A 10-year-old, spayed female Maltese dog was tentatively diagnosed with granulomatous meningoencephalitis (GME) on magnetic resonance imaging. The meningoencephalitis was classified as aseptic GME because cerebral fluid analysis did not reveal an infectious aetiology. Two months after leflunomide treatment (Arava; Sanofi; 4 mg/kg/day), the patient developed non-regenerative, macrocytic, and normochromic anemia. As the patient’s anaemia began after the administration of leflunomide, and other differentials for anaemia had been ruled out, the leflunomide was determined to be the cause and this treatment ended. After 15 days, the anaemia resolved spontaneously. This is the first report of reversible aplastic anaemia following treatment with leflunomide in a canine patient with GME.

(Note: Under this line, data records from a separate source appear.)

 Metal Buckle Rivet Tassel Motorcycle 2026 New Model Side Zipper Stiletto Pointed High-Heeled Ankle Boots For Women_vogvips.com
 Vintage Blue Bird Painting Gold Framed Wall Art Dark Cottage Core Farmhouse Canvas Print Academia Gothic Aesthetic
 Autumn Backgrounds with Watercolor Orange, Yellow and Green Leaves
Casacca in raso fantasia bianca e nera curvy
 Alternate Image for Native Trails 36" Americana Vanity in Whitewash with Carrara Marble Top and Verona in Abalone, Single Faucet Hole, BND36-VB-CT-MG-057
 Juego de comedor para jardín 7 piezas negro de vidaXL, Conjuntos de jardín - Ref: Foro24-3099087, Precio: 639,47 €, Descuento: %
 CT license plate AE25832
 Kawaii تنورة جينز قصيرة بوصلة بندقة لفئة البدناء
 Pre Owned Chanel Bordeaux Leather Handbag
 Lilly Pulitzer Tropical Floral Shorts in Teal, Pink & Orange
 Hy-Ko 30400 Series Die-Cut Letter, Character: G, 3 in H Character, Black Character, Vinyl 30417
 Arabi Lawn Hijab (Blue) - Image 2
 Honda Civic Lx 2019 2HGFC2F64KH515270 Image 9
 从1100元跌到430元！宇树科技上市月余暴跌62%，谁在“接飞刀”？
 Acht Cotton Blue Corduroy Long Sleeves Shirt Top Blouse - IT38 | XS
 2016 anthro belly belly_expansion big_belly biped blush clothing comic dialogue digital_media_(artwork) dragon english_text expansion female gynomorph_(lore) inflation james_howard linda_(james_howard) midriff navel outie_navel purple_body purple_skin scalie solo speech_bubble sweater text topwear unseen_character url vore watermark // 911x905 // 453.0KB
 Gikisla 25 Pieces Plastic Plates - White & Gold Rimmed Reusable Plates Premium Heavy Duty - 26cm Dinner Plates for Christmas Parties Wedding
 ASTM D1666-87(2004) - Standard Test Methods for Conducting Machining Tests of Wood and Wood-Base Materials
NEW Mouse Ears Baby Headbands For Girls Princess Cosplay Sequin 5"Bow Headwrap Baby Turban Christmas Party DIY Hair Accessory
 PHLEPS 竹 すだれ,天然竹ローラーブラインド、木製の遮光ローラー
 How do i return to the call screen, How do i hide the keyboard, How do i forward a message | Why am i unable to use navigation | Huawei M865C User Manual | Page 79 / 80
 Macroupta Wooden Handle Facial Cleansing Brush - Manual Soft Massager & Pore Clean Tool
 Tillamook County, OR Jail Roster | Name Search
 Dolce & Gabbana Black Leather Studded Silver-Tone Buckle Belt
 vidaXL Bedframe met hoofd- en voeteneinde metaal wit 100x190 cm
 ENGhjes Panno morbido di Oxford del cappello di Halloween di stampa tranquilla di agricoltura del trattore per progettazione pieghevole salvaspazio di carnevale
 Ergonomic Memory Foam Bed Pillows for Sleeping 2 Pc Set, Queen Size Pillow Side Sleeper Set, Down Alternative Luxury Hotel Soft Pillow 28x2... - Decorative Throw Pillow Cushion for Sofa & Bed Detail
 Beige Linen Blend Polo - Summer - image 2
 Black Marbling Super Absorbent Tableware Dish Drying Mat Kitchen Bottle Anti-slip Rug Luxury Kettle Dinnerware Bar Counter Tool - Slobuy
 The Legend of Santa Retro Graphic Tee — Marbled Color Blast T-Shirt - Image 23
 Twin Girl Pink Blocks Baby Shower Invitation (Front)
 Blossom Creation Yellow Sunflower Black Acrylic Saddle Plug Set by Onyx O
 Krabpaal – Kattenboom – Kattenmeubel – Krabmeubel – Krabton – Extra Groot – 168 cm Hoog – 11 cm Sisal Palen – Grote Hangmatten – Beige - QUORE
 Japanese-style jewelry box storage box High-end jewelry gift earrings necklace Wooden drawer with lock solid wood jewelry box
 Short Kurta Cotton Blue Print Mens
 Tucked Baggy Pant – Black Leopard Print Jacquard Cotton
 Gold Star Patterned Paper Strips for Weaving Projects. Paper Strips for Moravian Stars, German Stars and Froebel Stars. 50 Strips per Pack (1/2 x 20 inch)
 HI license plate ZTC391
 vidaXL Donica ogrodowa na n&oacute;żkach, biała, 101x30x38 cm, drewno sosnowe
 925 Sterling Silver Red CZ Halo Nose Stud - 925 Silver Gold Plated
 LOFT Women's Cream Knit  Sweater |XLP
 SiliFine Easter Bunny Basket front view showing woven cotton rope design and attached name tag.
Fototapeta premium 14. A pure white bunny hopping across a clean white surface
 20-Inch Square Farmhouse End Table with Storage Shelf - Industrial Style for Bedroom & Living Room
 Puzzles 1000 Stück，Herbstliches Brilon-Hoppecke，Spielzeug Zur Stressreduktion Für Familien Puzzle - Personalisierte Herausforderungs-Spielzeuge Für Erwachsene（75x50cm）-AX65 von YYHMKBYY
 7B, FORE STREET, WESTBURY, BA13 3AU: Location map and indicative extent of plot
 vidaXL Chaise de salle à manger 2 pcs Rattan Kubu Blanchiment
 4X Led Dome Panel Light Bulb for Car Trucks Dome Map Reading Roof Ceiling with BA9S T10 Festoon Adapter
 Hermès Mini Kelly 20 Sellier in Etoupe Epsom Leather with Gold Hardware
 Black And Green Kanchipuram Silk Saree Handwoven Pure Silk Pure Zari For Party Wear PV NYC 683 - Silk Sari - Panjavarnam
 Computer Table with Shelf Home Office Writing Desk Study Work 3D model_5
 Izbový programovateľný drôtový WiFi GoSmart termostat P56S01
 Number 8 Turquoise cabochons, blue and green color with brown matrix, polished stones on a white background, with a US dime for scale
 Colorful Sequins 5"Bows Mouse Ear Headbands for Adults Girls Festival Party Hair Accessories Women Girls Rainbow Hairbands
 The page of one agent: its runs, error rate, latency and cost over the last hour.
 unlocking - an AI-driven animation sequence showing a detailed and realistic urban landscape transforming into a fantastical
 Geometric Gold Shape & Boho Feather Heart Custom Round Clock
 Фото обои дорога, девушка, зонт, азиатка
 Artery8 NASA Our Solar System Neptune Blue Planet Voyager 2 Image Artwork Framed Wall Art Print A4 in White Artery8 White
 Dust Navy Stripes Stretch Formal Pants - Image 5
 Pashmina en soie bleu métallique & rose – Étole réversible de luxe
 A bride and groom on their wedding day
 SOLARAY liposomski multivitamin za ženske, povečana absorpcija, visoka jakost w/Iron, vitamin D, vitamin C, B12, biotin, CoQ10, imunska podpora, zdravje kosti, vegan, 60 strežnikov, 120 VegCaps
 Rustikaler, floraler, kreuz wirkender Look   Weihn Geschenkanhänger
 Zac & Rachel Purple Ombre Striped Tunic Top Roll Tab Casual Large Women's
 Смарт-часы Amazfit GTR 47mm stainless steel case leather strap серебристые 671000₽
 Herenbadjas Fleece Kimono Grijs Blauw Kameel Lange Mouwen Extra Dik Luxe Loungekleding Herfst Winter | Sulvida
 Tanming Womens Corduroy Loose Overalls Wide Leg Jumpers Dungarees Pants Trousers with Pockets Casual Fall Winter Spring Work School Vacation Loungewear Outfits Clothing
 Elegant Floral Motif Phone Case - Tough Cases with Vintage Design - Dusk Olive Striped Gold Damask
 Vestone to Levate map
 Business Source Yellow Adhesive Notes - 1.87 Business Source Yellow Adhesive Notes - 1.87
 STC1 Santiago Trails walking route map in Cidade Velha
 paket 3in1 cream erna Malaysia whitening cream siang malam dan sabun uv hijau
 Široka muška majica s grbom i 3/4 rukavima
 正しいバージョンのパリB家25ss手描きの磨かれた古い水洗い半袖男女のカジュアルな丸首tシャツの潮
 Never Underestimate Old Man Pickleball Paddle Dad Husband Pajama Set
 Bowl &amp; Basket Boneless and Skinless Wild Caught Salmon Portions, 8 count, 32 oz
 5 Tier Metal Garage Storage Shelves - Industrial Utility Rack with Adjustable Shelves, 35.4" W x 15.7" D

Keywords: anemia, canine, drug adverse event, leflunomide, nonregenerative
Leflunomide may be an effective treatment for immune-mediated disorders in dogs that do not respond well to standard therapy or have adverse effects to glucocorticoid administration (1). Though the occurence of adverse effects to leflunomide are rare they can, as reported in human medicine, include diarrhea, dermatitis, hepatotoxcity, pneumonia, neurotoxicity, and myelosuppression (2,13). In veterinary medicine, the adverse effects of leflunomide have rarely been reported (10). Therefore, further studies are needed in order to ensure the safety of this mediccation in canine patients both now and in the future. To the best of our knowledge, this is the first report of leflunomide-induced aplastic anaemia in a canine patient with granulomatous meningoencephalitis (GME).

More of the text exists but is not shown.